**Information supplied**
=-=-=

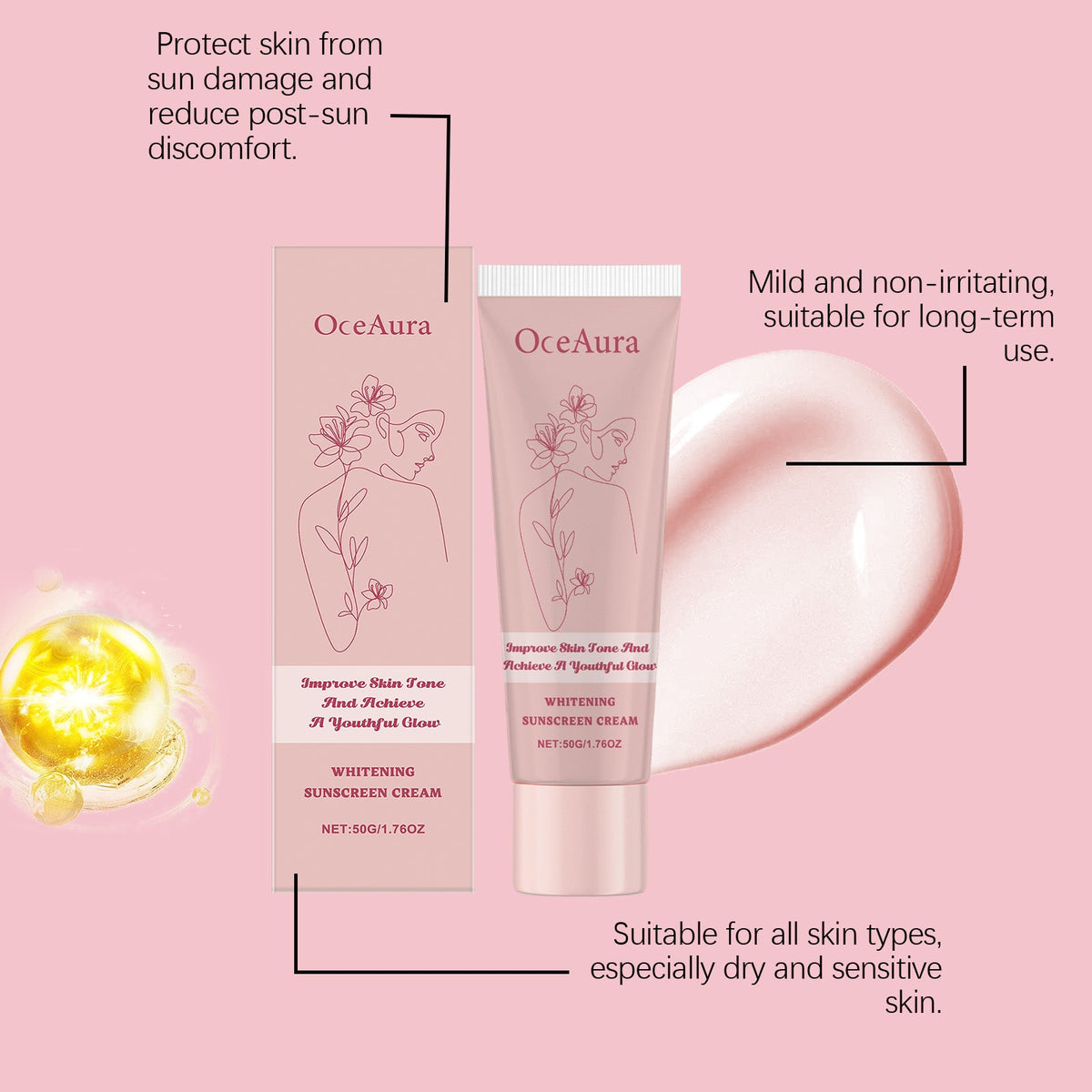 OceAura Sunscreen Cream With Titanium Dioxide & Glow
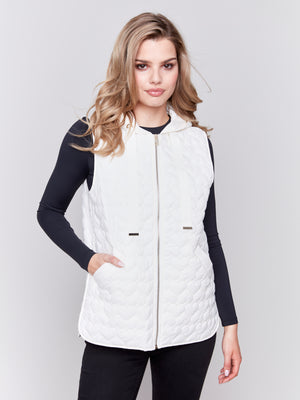 Charlie B Fall 2024-C6322-276-Short Quilted Vest-Ecru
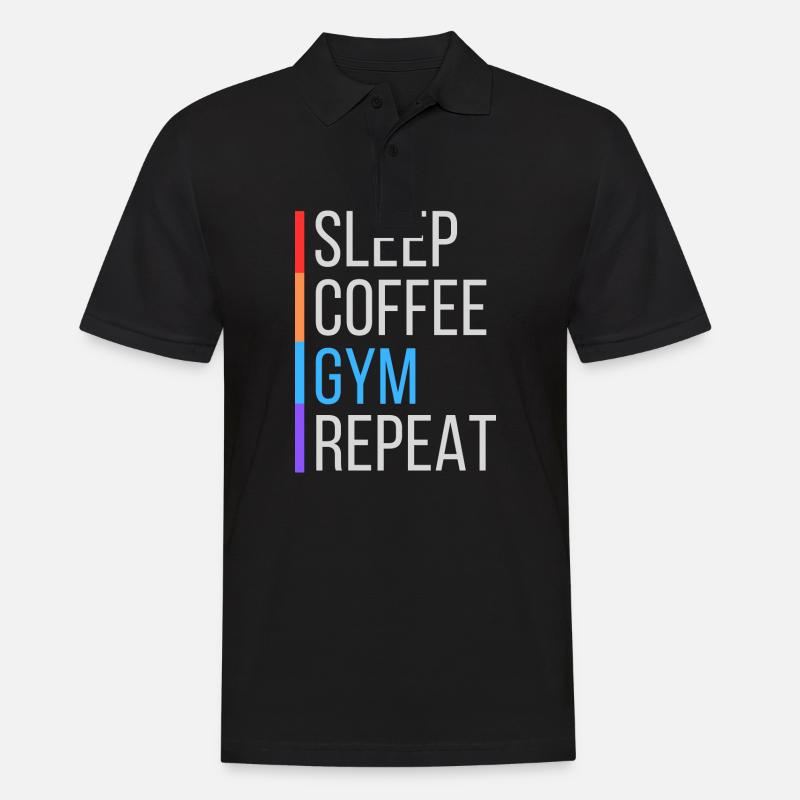 kaffe gym roligt - Pikétröja herr - svart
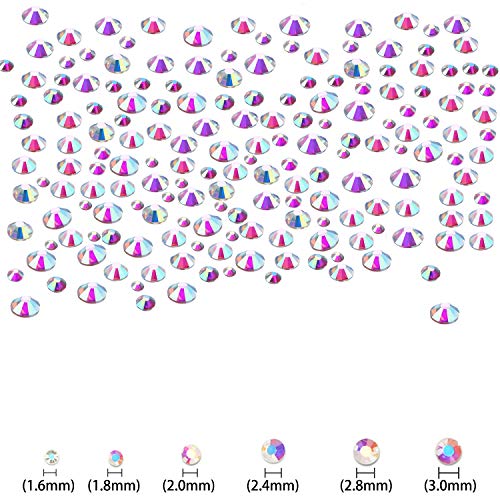 LPBeads 3456 Pieces 6 Sizes Paradise Flat Back Round Crystal Rhinestones for Crafts Nails Art Face Makeup Clothes DIY with Pick Up Tweezers and Picking Pen - Image 3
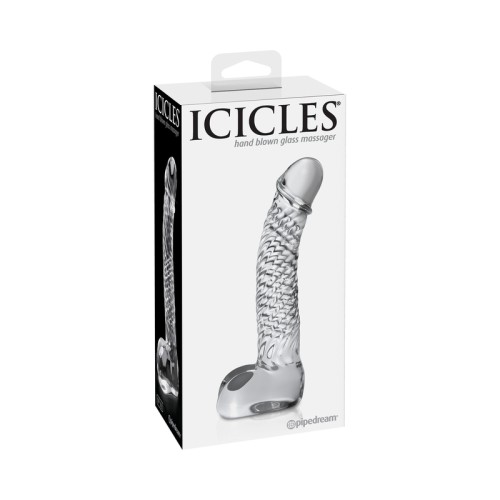 Pipedream Icicles No. 61 Curved Textured Glass Dildo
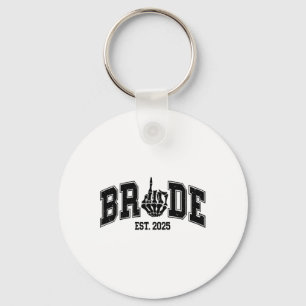 Gotische bruid bruidegom 2025 Spooky Halloween kop Sleutelhanger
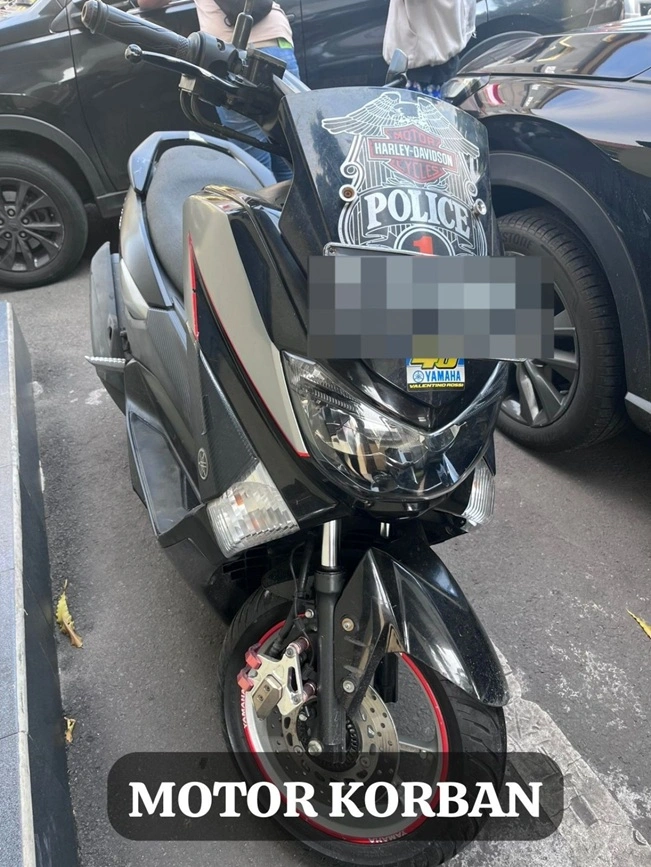 Barang bukti motor korban turut diamankan polisi dalam kasus pengeroyokan di Koja, Jakarta Utara. [Ist]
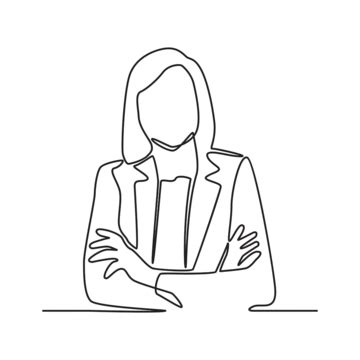 Business Woman Office Work Employee Concept Continuous Line Drawing Illustration, Business ...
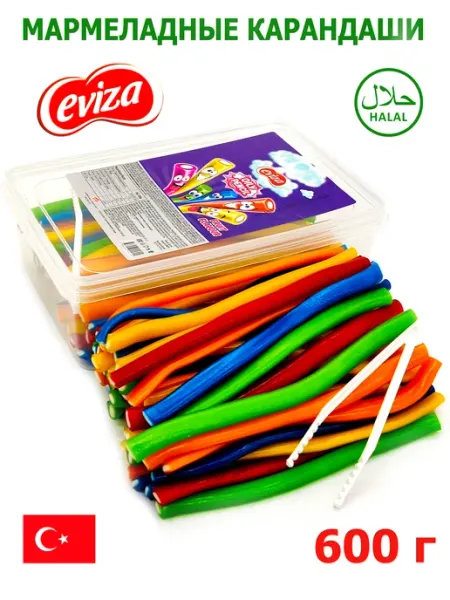 EVIZA Жевательный мармелад 600гр трубочки ассорти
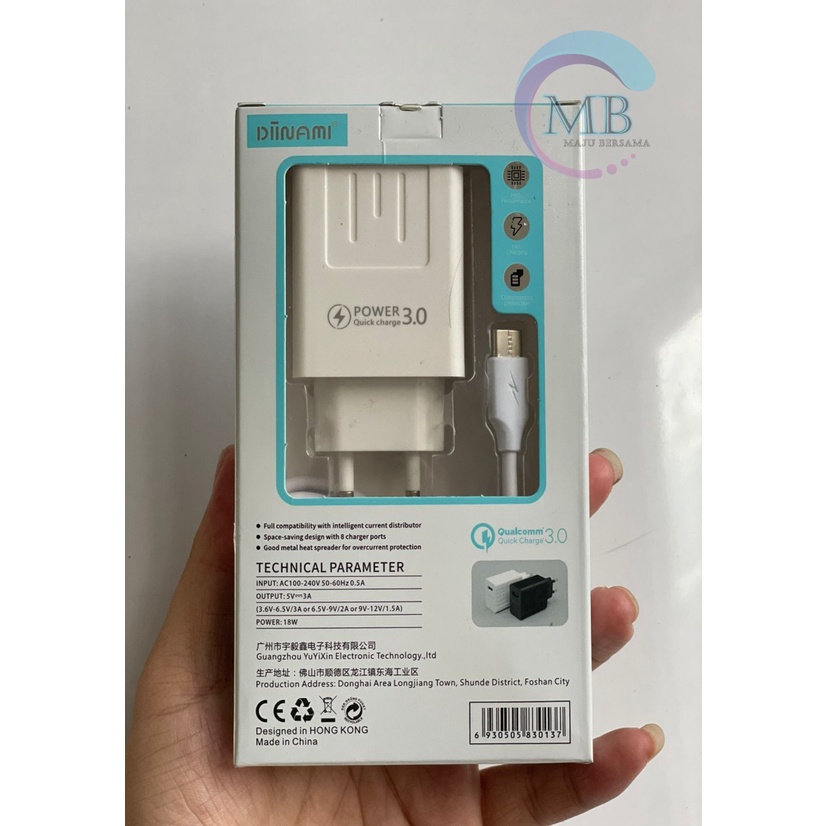 Q58  Charger DIINAMI Power 3A 18W Quick Charging TIPE C USB Fast Charging Port Smart Protection Garansi Resmi 1 Tahun MB2597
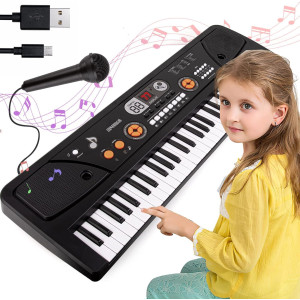 M Sanmersen Piano For Kids With Microphone Kids Piano Keyboard For Beginners Portable Electronic Keyboard With Mp3 Function Le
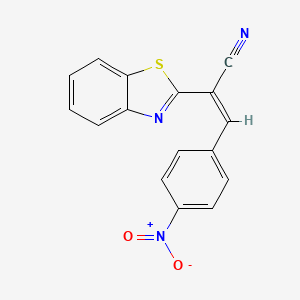 molecular formula C16H9N3O2S B14335161 (2Z)-2-(1,3-benzothiazol-2-yl)-3-(4-nitrophenyl)prop-2-enenitrile 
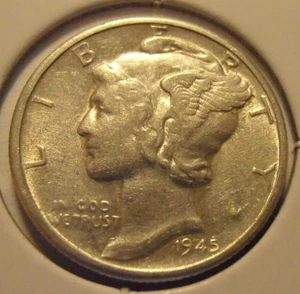 1945 D AU Mercury Silver Dime (45DUL2) - Picture 1 of 4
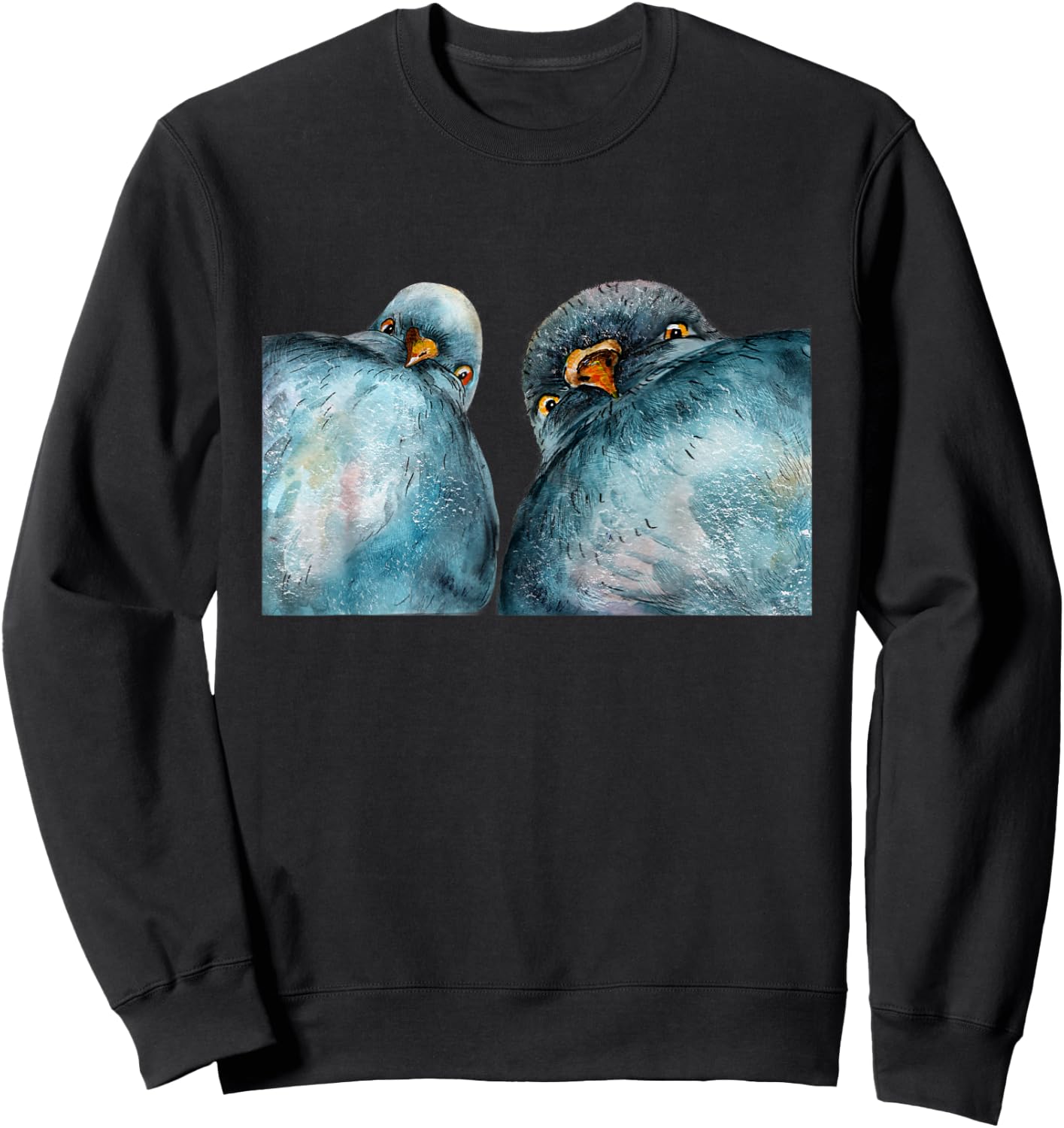 Lustige Taubenpaar Selfie Tauben Malerei Sweatshirt - Sweatshirt | Black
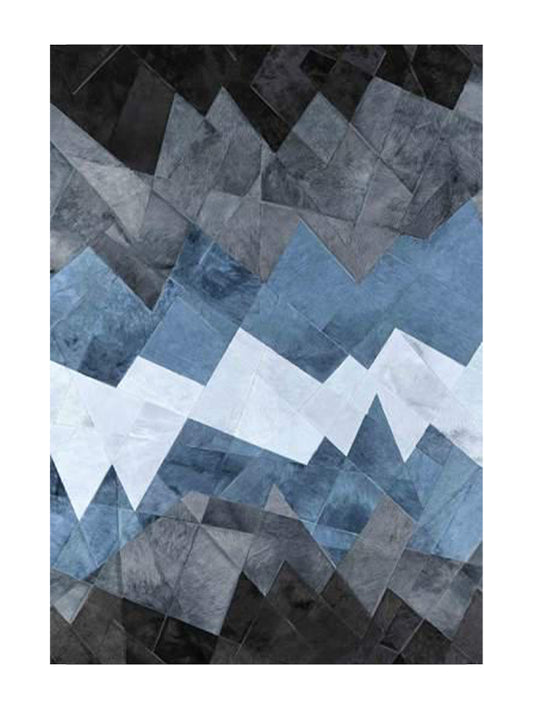 Модерен килим в синьо и сиво – геометричен дизайн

=-=-=

**What this task involves**
Please copy exactly the lines from the one containing "LPBeads 3456 Pieces" through the last line of the records, both ends included, and leave out any pictures.

**Task result**
 LPBeads 3456 Pieces 6 Sizes Paradise Flat Back Round Crystal Rhinestones for Crafts Nails Art Face Makeup Clothes DIY with Pick Up Tweezers and Picking Pen - Image 3
 Pipedream Icicles No. 61 Curved Textured Glass Dildo
 Gotische bruid bruidegom 2025 Spooky Halloween kop Sleutelhanger
 Barang bukti motor korban turut diamankan polisi dalam kasus pengeroyokan di Koja, Jakarta Utara. [Ist]
 Business Woman Office Work Employee Concept Continuous Line Drawing Illustration, Business ...
 EVIZA Жевательный мармелад 600гр трубочки ассорти
 Q58  Charger DIINAMI Power 3A 18W Quick Charging TIPE C USB Fast Charging Port Smart Protection Garansi Resmi 1 Tahun MB2597
 M Sanmersen Piano For Kids With Microphone Kids Piano Keyboard For Beginners Portable Electronic Keyboard With Mp3 Function Le
 molecular formula C16H9N3O2S B14335161 (2Z)-2-(1,3-benzothiazol-2-yl)-3-(4-nitrophenyl)prop-2-enenitrile 
 1945 D AU Mercury Silver Dime (45DUL2) - Picture 1 of 4
 Lustige Taubenpaar Selfie Tauben Malerei Sweatshirt - Sweatshirt | Black
 Модерен килим в синьо и сиво – геометричен дизайн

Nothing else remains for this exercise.